But we do know this: If we are awake and engaged in our work, it will come. There is no escape. The more we are already "all in", the easier it will be for us to respond to whatever comes our way. The more we are able to flex to the moment and make wise choices that serve the greater good, the more powerful the outcomes will be.

My moment of confrontation, at Lucent, did not allow me the luxury of deep deliberation. I had to trust myself, be in the moment, and go with the flow. But even more than that, I had to be willing to reframe what seemed to be a problem into an opportunity. I had to make lemonade out of lemons, on the spot, and not squirt anything in the eyes of the people I was there to serve.

My task was not to find fault with the fault finder (an easy thing to do), but to transform the moment into deeper understanding.

On the front lines of business, it is extremely easy to find fault in others. Even on a good day, most of us are woefully imperfect -- filled with a lifetime's worth of quirks, projections, fears, habits, and routines -- the kind of stuff that bugs even our closest friends. Throw in the X factor of stress, heavy workloads, and constantly changing priorities and you have a formula for... well... major heckling.

Your mission, should you choose to accept this assignment, is not to take it personally.

The person who is heckling you (at work, on the street, or in your home) is most likely having a bad day, week, month, quarter, year, or life.

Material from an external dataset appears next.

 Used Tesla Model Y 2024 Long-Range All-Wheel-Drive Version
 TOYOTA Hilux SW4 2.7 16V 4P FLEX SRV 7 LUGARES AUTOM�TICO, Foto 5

If Jesus, himself, was to make a sudden appearance, your heckler would probably find fault with his hair, clothes, or accent.

If you react with the same negativity that is coming your way, all you'll end up doing is throwing fuel on the fire. If you hate being judged, but then judge the judgers for judging, you will only end up in a fun house hall of mirrors with no exit.

Make sense?

PS: At lunch, after the high drama Lucent session, my client informed me of three things: 1) The man who heckled me does the same thing to every outside speaker no matter how much coaching he's received; 2) The exchange between the heckler and me was the perfect embodiment of one of Lucent's core values at the time -- allowing creative dissonance -- a value they had been trying, unsuccessfully, to embed it their culture for years and; 3) As a result of the positive impact my session had, Lucent was going to license my company's creative thinking training. Lemons hadn't just turned into lemonade, they turned into some major cash flow, too.

FOR YOUR CONSIDERATION: Think of a moment of truth you've had in the past year -- a surprise encounter that demanded an intuitive, in-the-moment response from you. What was that like for you? What did you do? What did you learn from the experience? And if, perchance, you did not respond in a way that worked, what might you do differently next time?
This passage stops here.